A partir du moment où le terme « Renaissance » devient synonyme d’avancée globale
d’une civilisation, on n’est plus embarrassé pour y intégrer des composantes qu’il était
difficile de situer auparavant à l’intérieur d’une Renaissance comprise étroitement comme un
retour à l’Antiquité.
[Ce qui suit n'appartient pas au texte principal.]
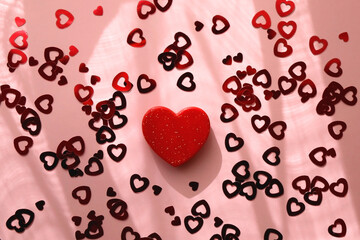Small red heart and heart shaped confetti on pastel pink background. Flat lay.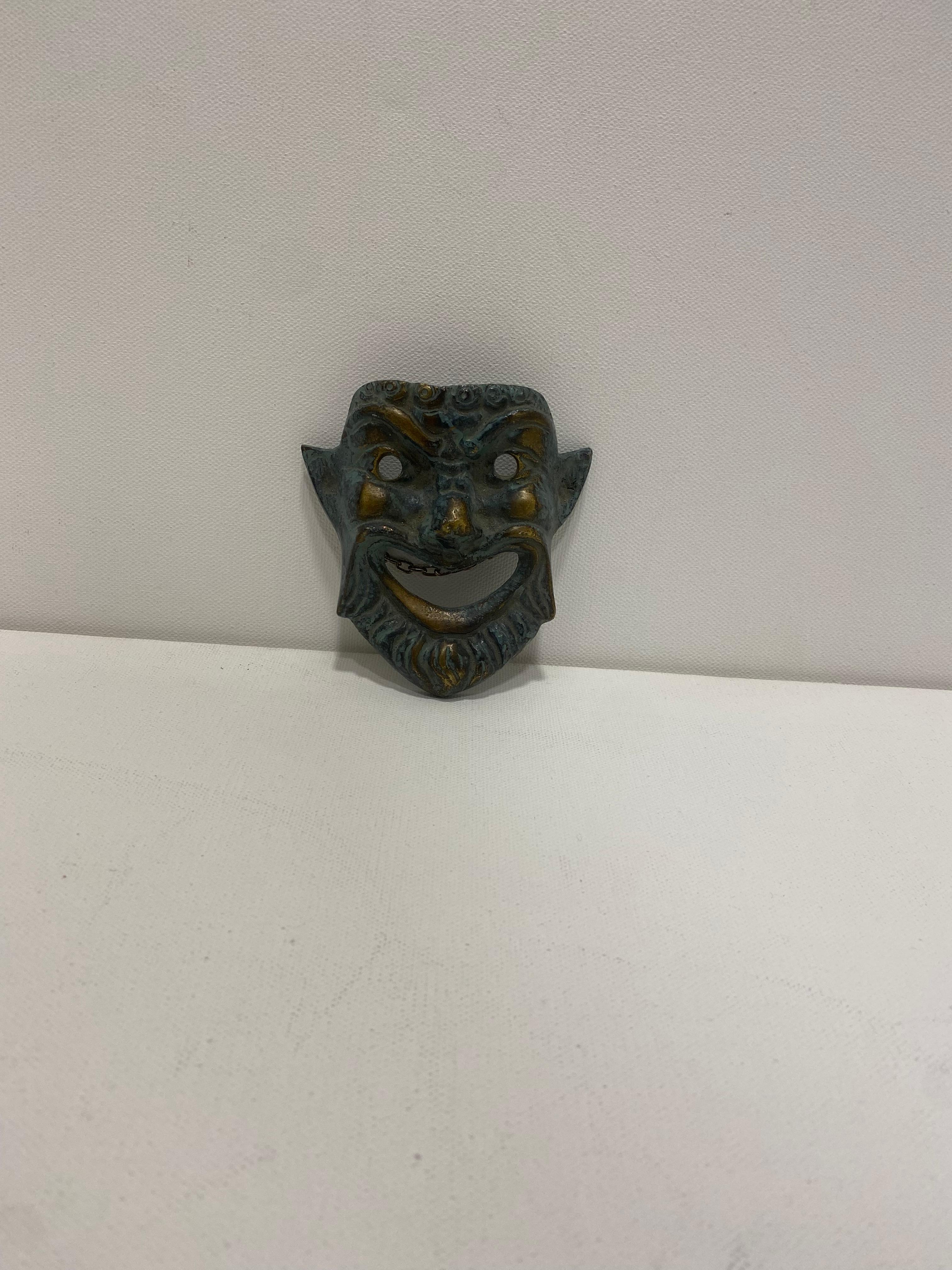 Dies ist eine kleine griechische Theatermaske aus Bronze aus den 1970er Jahren, die für die Wandmontage bestimmt ist.

Die Maske hat einen übertriebenen Gesichtsausdruck, der typisch für die antiken griechischen Theatermasken ist, die bei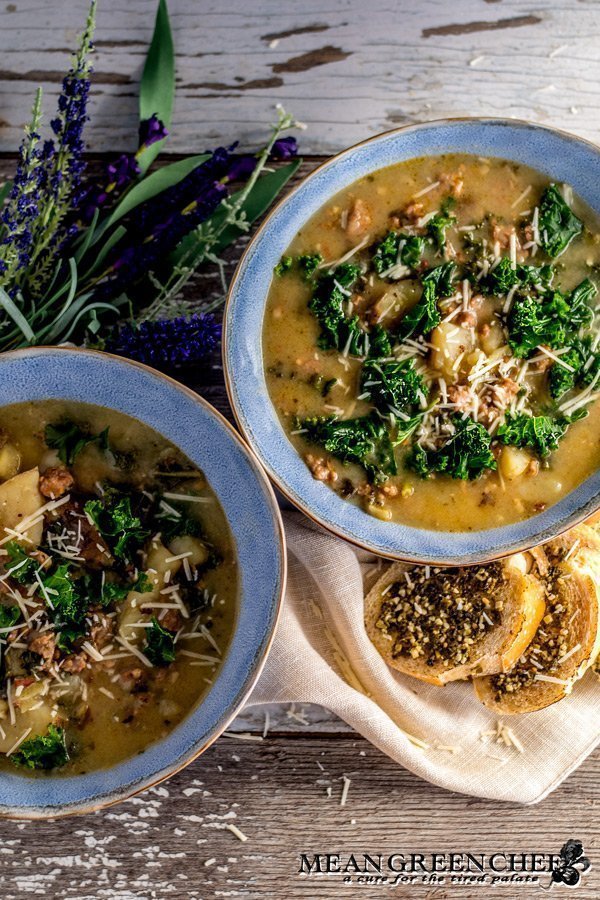 Overhead photo of Zuppa Toscana in two large blue bowls with rough edges. A small beige linen napkin and bread spread with pesto. Mean Green Chef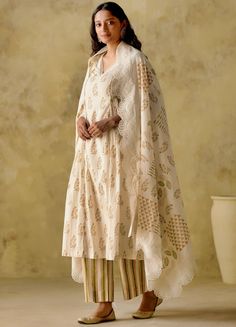 Featuring an ivory leaf block printed cotton kurta, complete with lace embellishments on the neck and sleeves as well as pleats on the sides. The set comes with a striped palazzo and dupatta with a wide lace cutwork border. Composition : Kurta: Mul Cotton Lined With Mul Cotton, Palazzo: Cambric Cotton, Dupatta: Mul Cotton Care: Dry Clean Only and Vacuum Storage All products can be customised for sleeves, length of blouse and neck design Delivery : 3-4 weeks as the product is hand crafted. Check Size Guide or choose MySize for free customisation (All Sizes above XL can be made at 15% additional cost) For more information and sizes please contact fabiliciousfashion@gmail.com or visit our Copenhagen studio. Kurta And Dupatta, Cotton Anarkali, Palazzo Set, Indian Wedding Wear, Cut Work, Wedding Wear, Anarkali, Aza Fashion, Neck Designs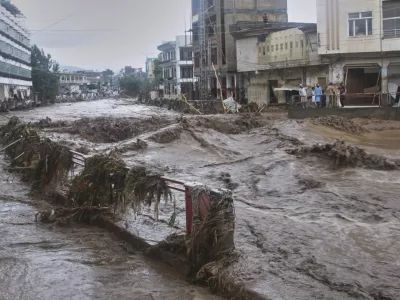 Local residents look at flash flooding due to heavy rains in a neighborhood of Mingora, the main town of Swat Valley, northwestern Pakistan, Friday, Aug. 15, 2025. (AP Photo/Naveed Ali)
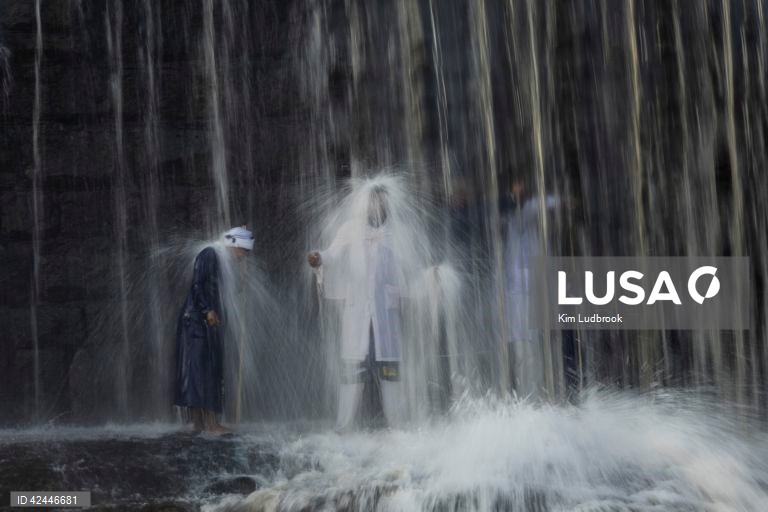Peregrinos purificam-se de espíritos malignos durante um ritual de domingo de manhã numa cascata no rio Braamfontein Spruit em Joanesburgo, África do Sul. A cascata é utilizada sobretudo aos fins-de-semana, quando os peregrinos vêm purificar-se segundo uma tradição antiga. A religião sul-africana baseia-se frequentemente em valores tribais e utiliza as raízes xamânicas como o seu sistema de valores fundamentais. 

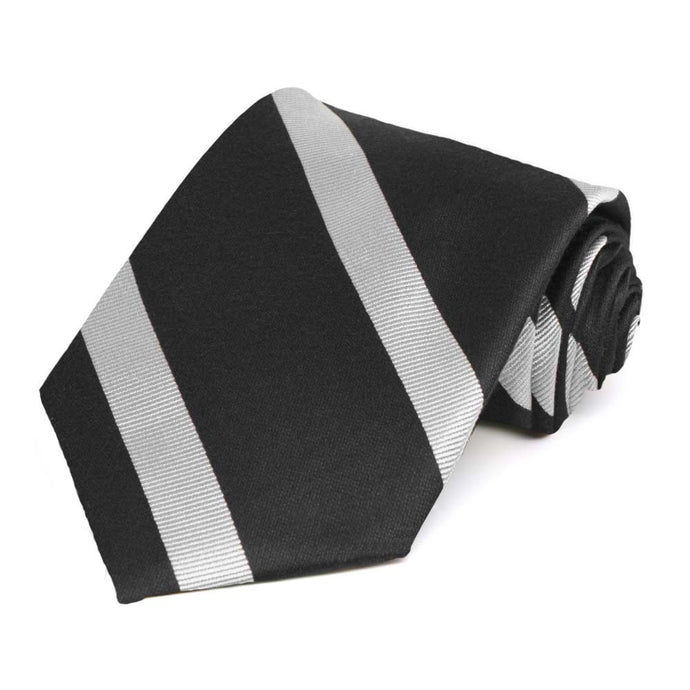 Rolled view of an extra long black and silver striped tie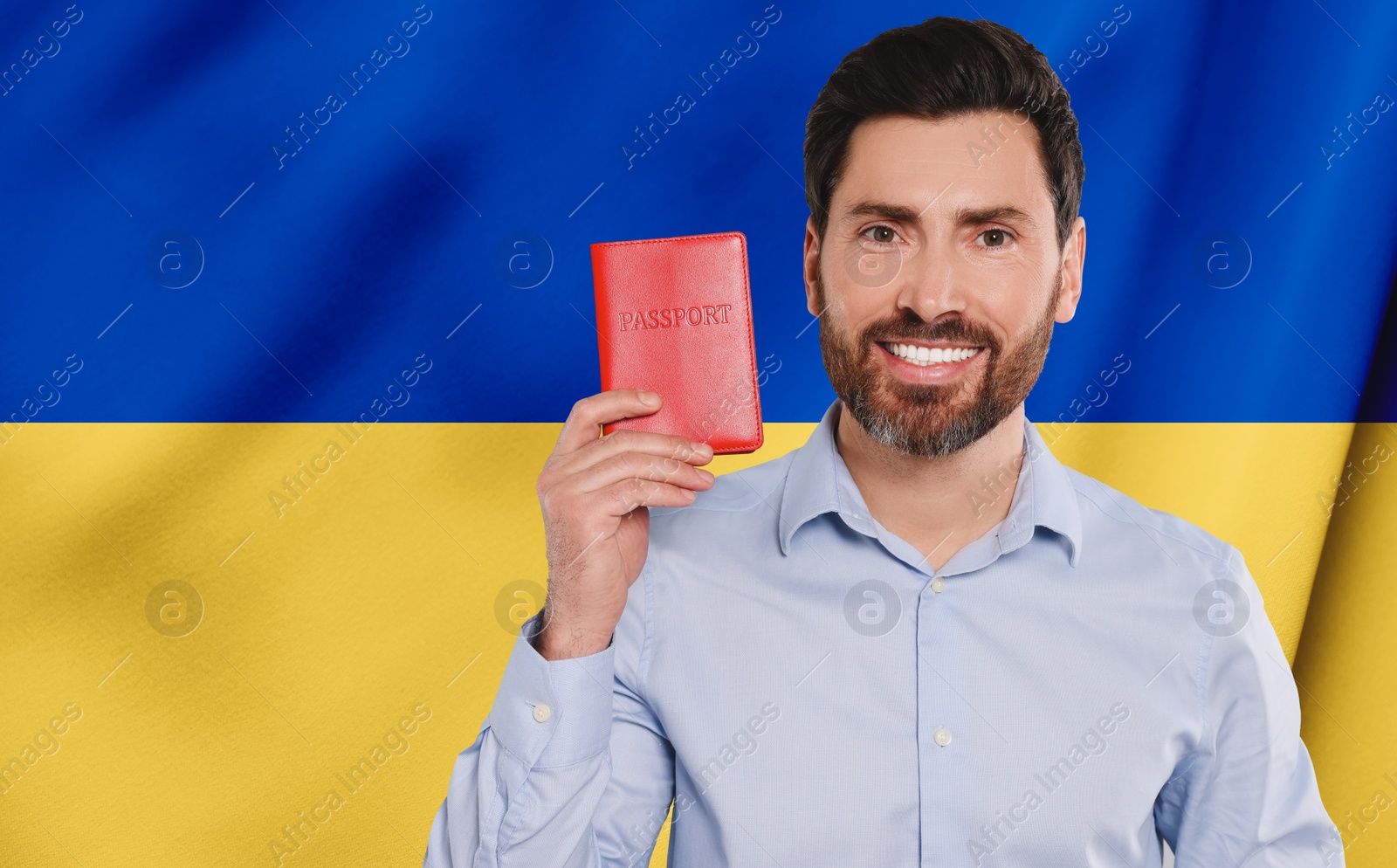 Image of Immigration. Happy man with passport against national flag of Ukraine, space for text. Banner design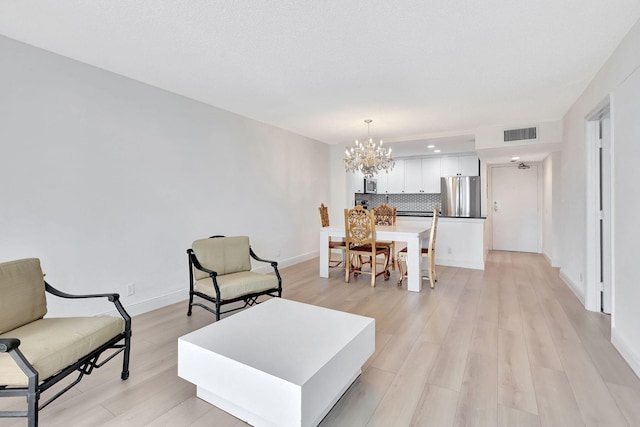 3540 S Ocean Blvd Ph 911, South Palm Beach, FL 33480 - living room featuring a chandelier, light wood finished floors, and recessed lighting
Car, dans cette signification restrictive, que faire de Bosch et de
Bruegel ? Ou du Gréco ? Ou du célèbre Transi de Ligier Richier à Bar-le-Duc ? Et doit-on
faire le silence sur l’invention du « verre blanc » à Murano vers 1460 ou sur la mise au point,
dans la première moitié du XVI° siècle en Bohême ou en Allemagne, du procédé de
« l’amalgame » pour traiter le minerai d’argent par le mercure liquide, procédé qui permit
l’exploitation intensive des mines du Mexique et du Pérou ? Si, en revanche, on se sert du
mot « Renaissance » pour signifier une période passionnante qui a cumulé bouillonnement
culturel et explosion artistique multiforme, mais aussi avancées techniques, consolidations
étatiques et effervescence religieuse, on se libère des limitations qu’imposait l’ancien sens
du terme, lorsqu’il était accroché à la seule résurrection, d’ailleurs plus apparente que réelle,
de l’Antiquité.
Mais, en même temps, on s’aperçoit avec humilité que, dans sa signification étroite comme
dans son acception la plus large, le mot « Renaissance » est quand même partiellement
inadéquat. Car il comporte une connotation joyeuse qui risque d’entraîner des gens pressés
vers de fausses pistes. On provoque sans doute l’étonnement si on rappelle, à la suite de
Jean-Claude Margolin, qu’Erasme, le plus connu des « humanistes » de la Renaissance,
fidèle à l’attitude des Pères de l’Eglise, était un farouche adversaire de la musique profane
et n’acceptait à l’église que le chant des psaumes.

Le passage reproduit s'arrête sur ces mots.